> Data section:
*** Block opens ***
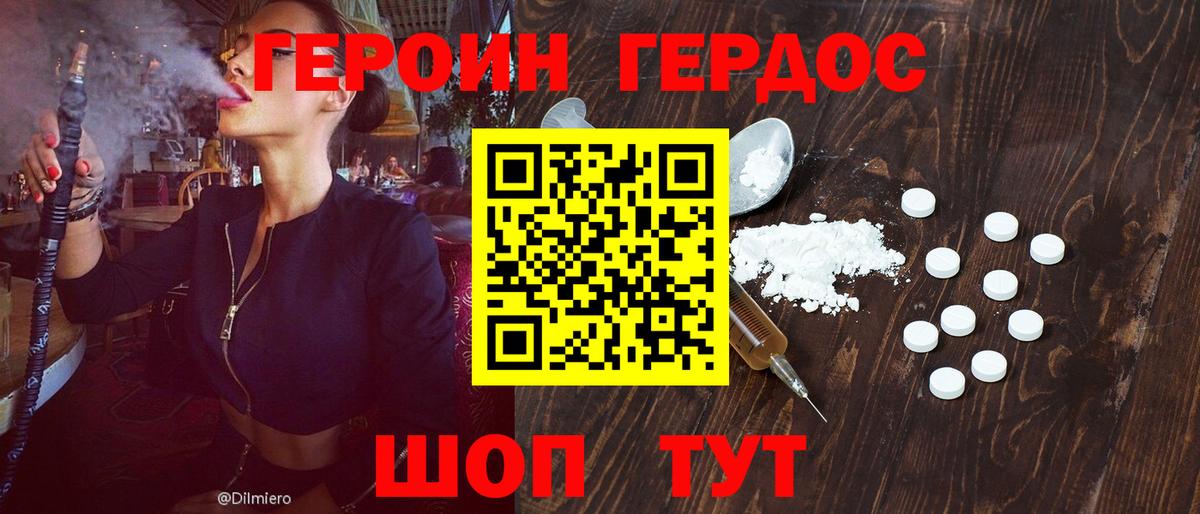 Краснокамск  ГЕРОИН  Вход с VPN  ГЕРОИН белый 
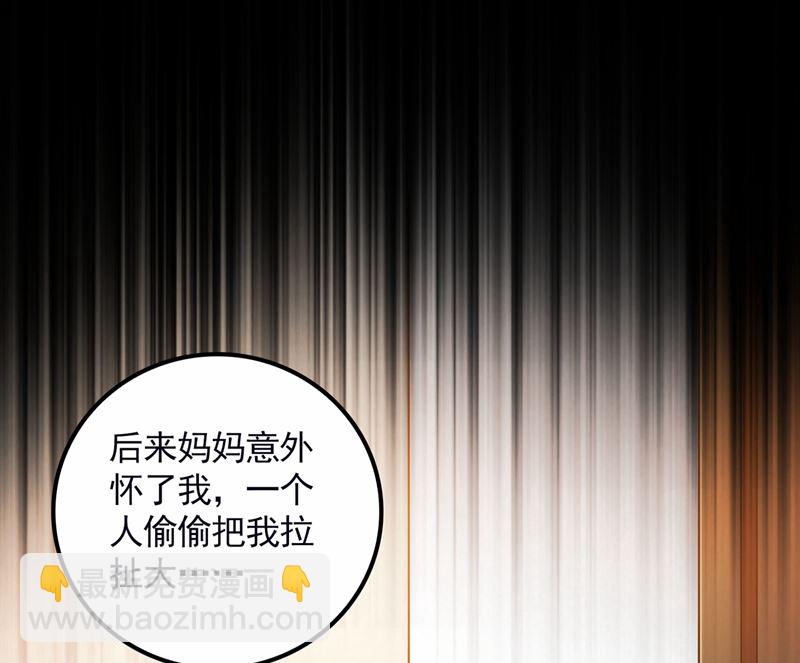 第573话 大型傍富婆现场？33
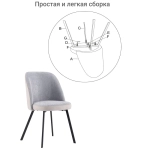 Стул Bradex Home Praga серый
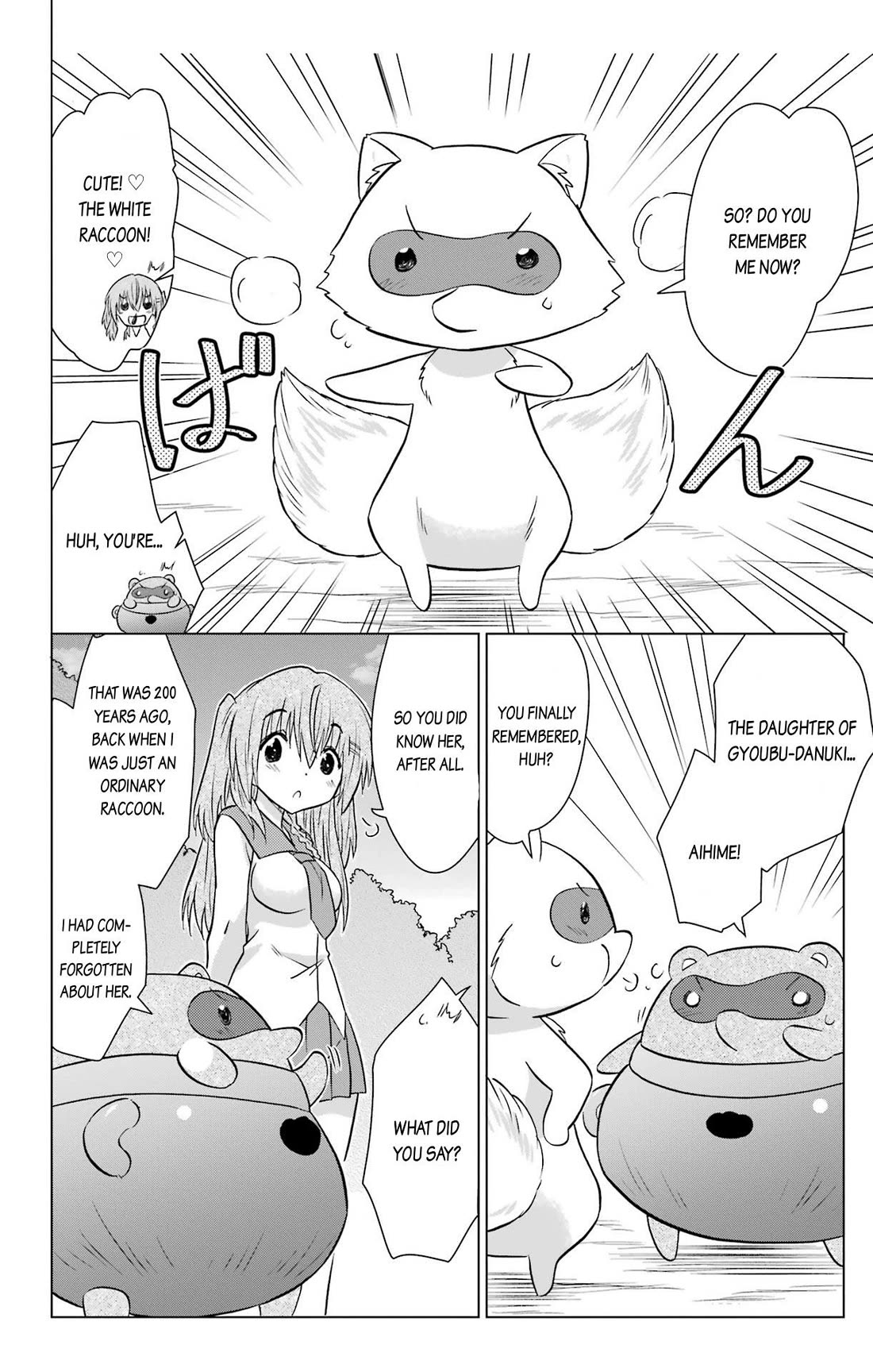 Nagasarete Airantou chapter 235 page 22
*** Block closes ***
With the pictures excluded, restate the material exactly as it stands.

 Краснокамск  ГЕРОИН  Вход с VPN  ГЕРОИН белый 
 第573话 大型傍富婆现场？33
 Стул Bradex Home Praga серый
 Nagasarete Airantou chapter 235 page 22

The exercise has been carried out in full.